▶ _WORK TASK_:
Once the pictures are set aside, transcribe the remaining data exactly.

▶ _DATA BLOCK_:
· · · · · · ·

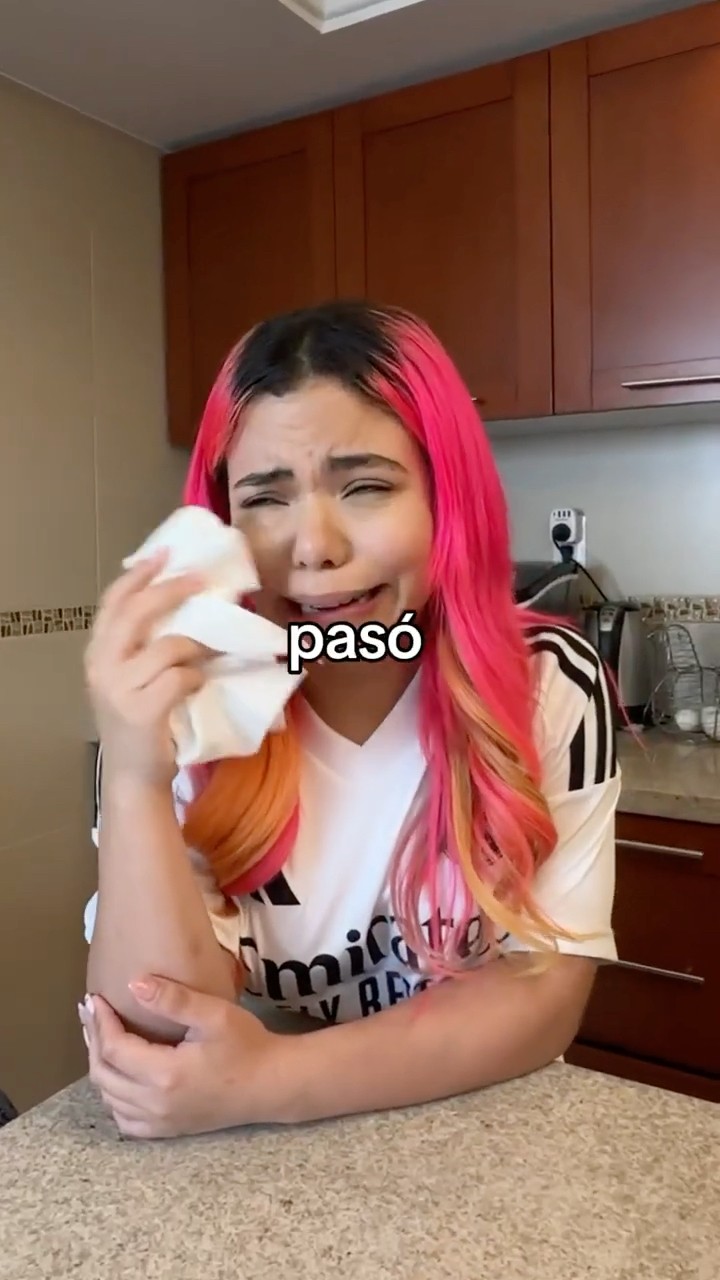 ME IRÉ DE VIAJE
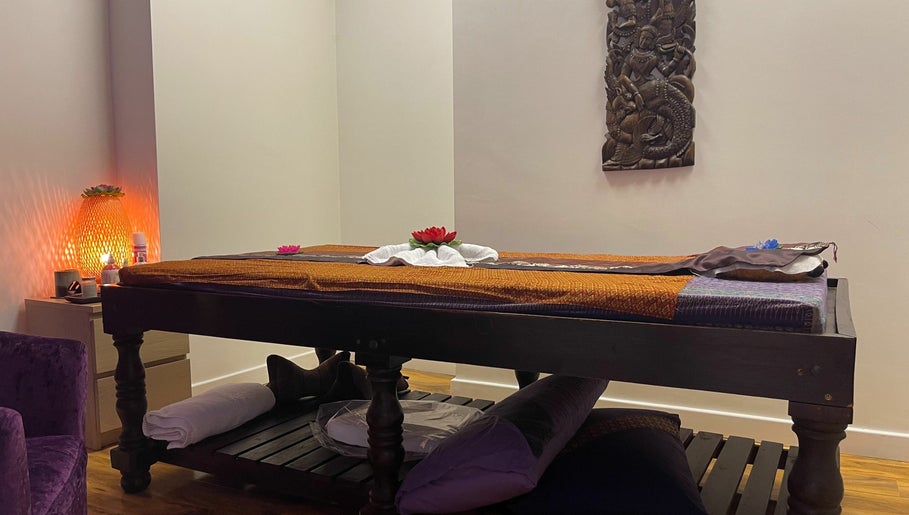 Euphoria Thai Massage & Spa slika 1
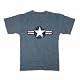 Good Rothco Vintage Army Air Corp Blue T-Shirt 66500 Don’t Miss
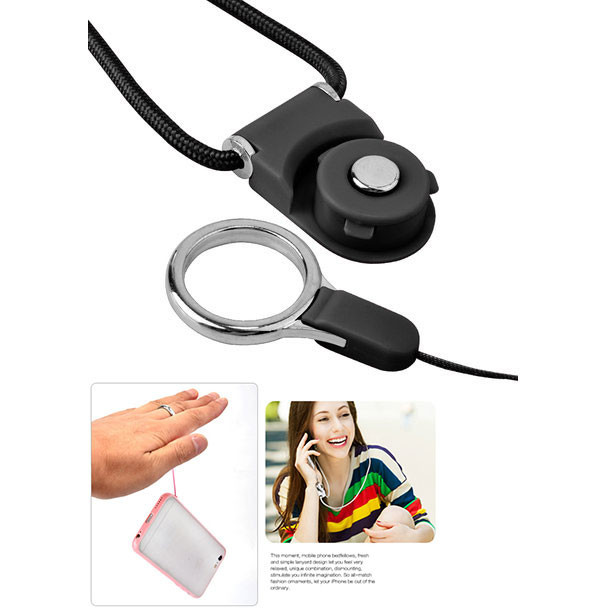 

Kalung Detachable Lanyard Smartphone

· · · · · · ·

▶ _RESPONSE TO THIS TASK_:
 ME IRÉ DE VIAJE
 Euphoria Thai Massage & Spa slika 1
 Good Rothco Vintage Army Air Corp Blue T-Shirt 66500 Don’t Miss

Kalung Detachable Lanyard Smartphone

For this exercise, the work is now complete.